(Brief descriptive captions)
==============================

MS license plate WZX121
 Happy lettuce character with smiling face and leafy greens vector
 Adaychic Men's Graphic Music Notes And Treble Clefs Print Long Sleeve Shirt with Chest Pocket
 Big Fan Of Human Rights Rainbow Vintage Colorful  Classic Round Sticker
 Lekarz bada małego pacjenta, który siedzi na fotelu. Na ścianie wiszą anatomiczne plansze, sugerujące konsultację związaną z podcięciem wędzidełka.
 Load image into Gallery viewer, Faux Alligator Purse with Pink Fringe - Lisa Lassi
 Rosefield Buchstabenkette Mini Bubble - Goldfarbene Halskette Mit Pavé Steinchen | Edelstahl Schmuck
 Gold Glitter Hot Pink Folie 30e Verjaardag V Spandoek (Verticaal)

==============================

ASSIGNMENT: Beginning at the opening line of the data, transcribe each line exactly until you reach the line with "Big Fan Of Human", which you also include, and go no further.

SOLUTION FOR THIS TASK:
MS license plate WZX121
 Happy lettuce character with smiling face and leafy greens vector
 Adaychic Men's Graphic Music Notes And Treble Clefs Print Long Sleeve Shirt with Chest Pocket
 Big Fan Of Human Rights Rainbow Vintage Colorful  Classic Round Sticker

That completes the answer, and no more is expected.